#### [REQUIRED ACTION]
Word for word, retype the lines from the one containing "O57ZTO Washington License Plate" to the one containing "Cashmere Wool CC Beanie Hat Navy" below, keeping both end lines and dropping the pictures.

#### [SOURCE DATA]
☆ ☆ ☆ ☆ ☆

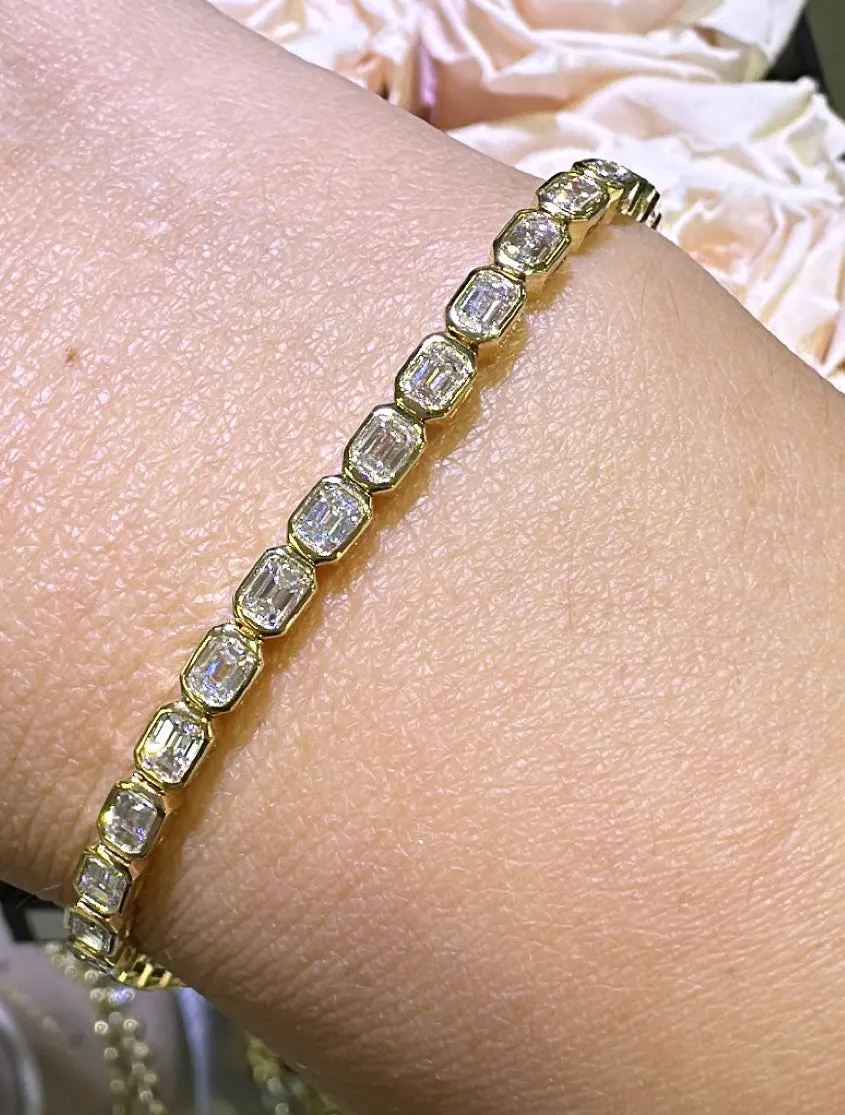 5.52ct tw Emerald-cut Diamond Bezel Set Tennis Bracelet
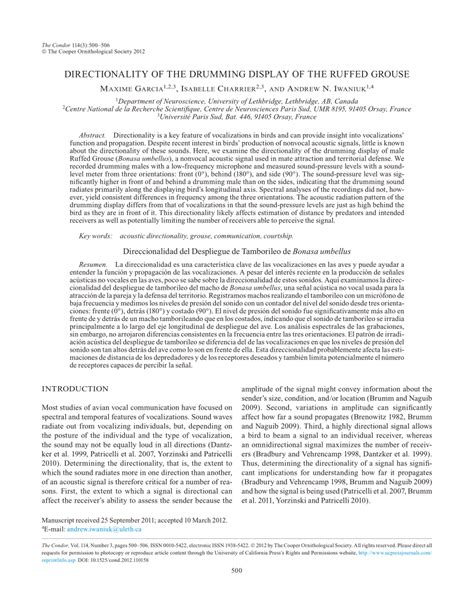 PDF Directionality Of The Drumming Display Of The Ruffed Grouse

☆ ☆ ☆ ☆ ☆

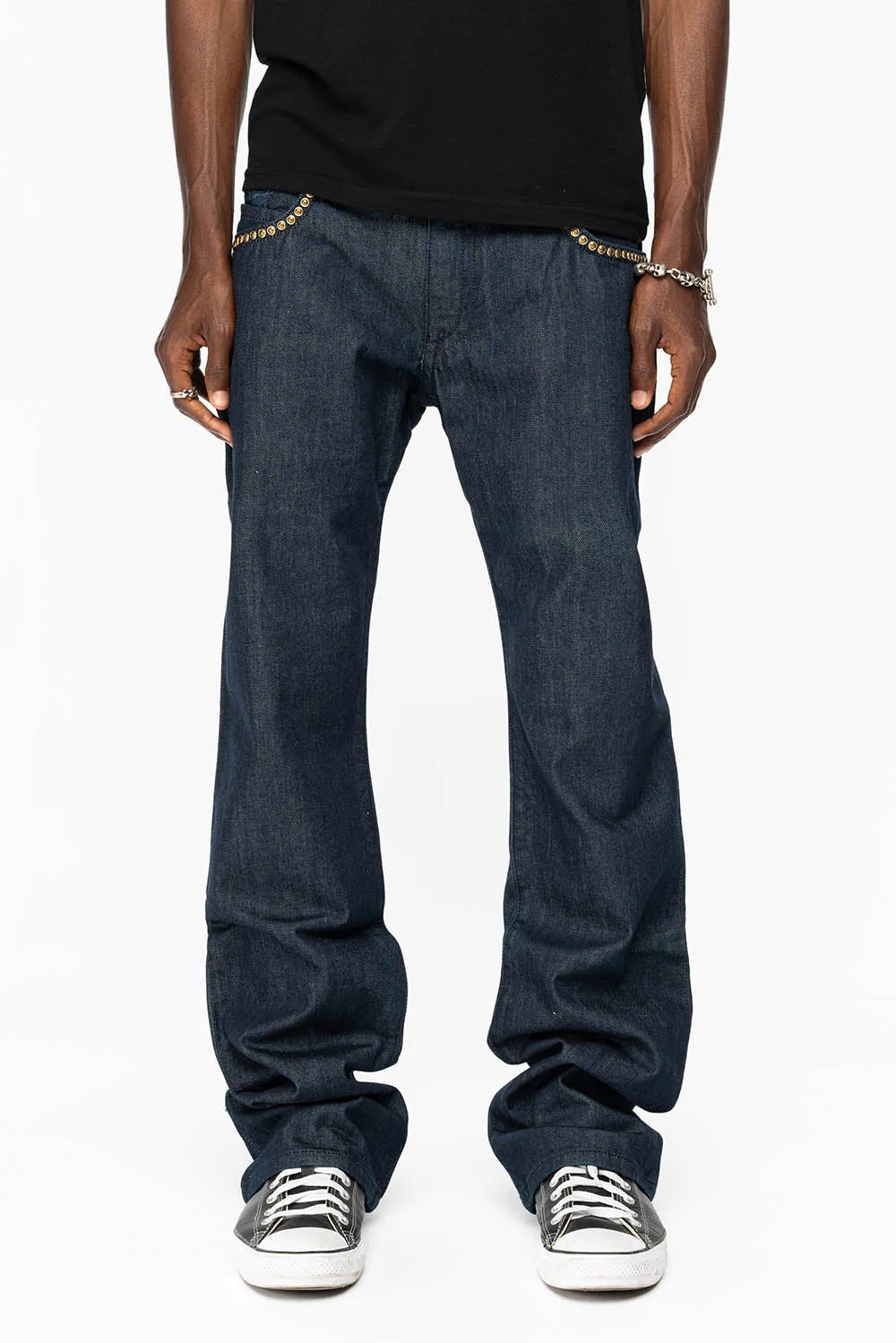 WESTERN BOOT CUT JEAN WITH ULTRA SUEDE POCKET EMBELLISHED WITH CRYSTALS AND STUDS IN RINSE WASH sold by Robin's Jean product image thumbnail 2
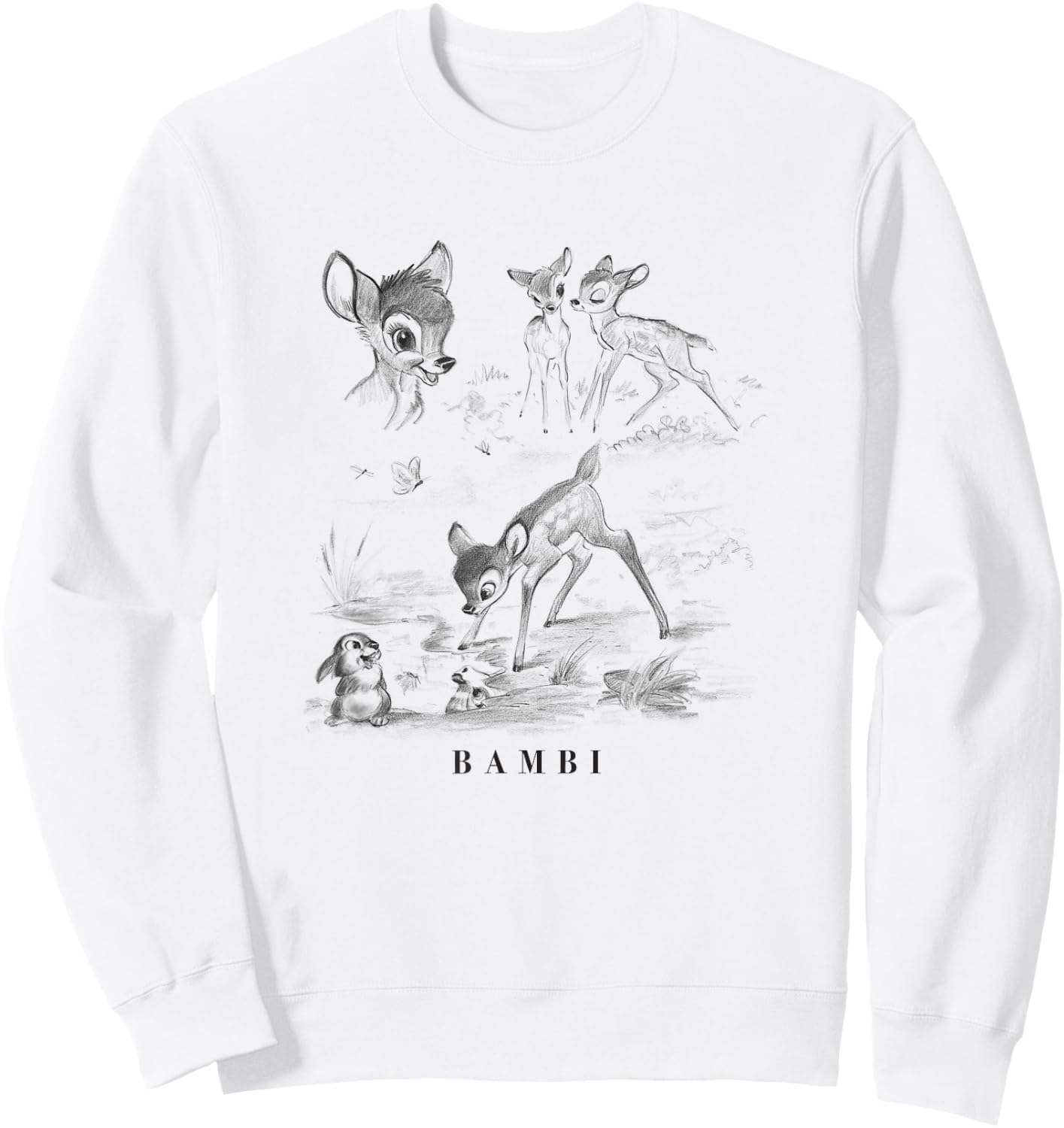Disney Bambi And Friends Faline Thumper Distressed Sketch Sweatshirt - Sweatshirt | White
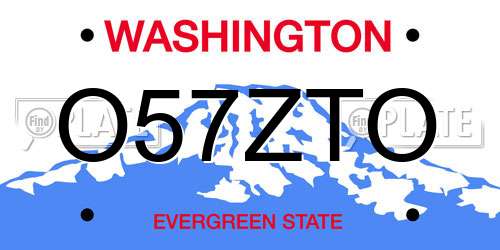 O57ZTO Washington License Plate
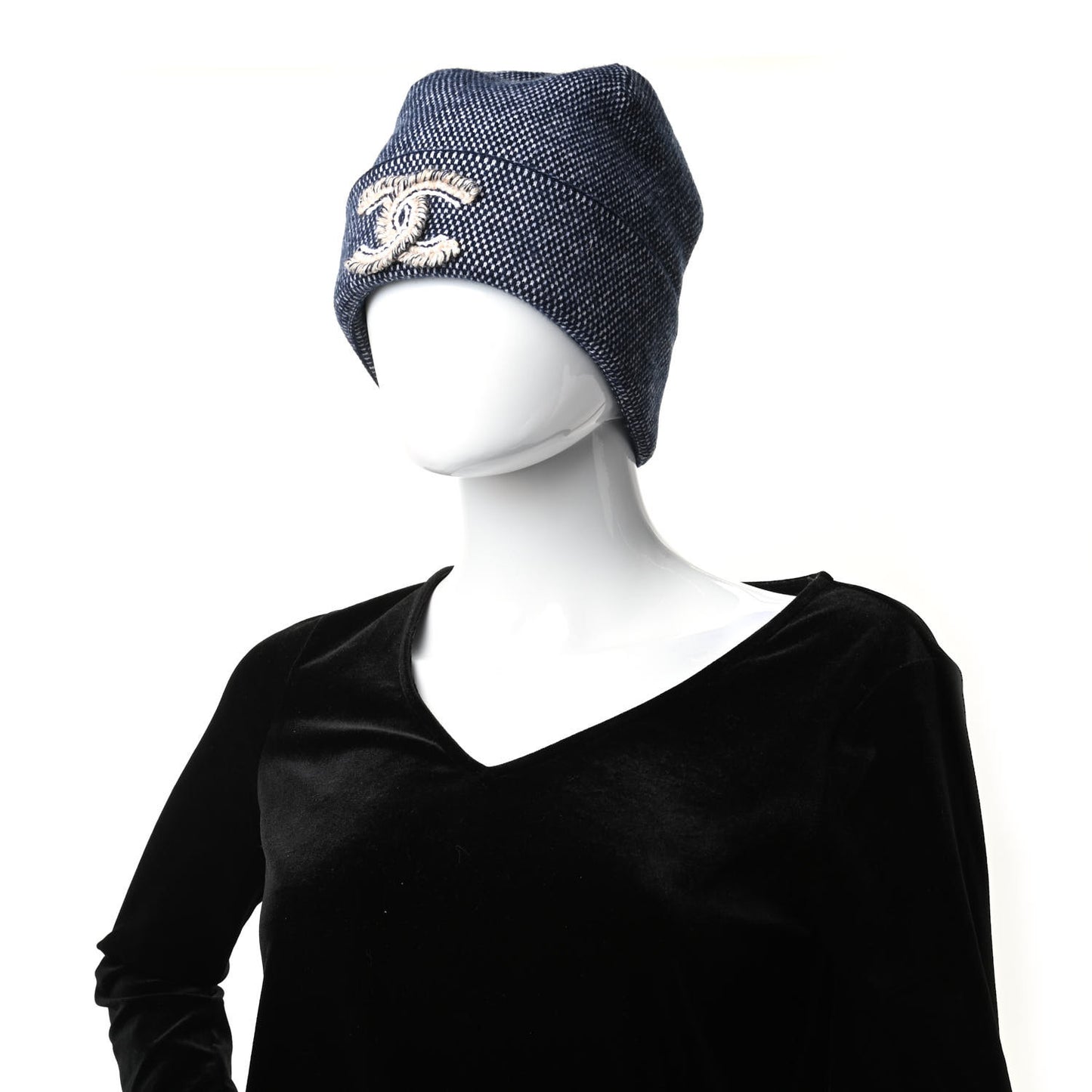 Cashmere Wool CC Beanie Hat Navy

☆ ☆ ☆ ☆ ☆

#### [SOLUTION FOR THIS TASK]
 O57ZTO Washington License Plate
 Cashmere Wool CC Beanie Hat Navy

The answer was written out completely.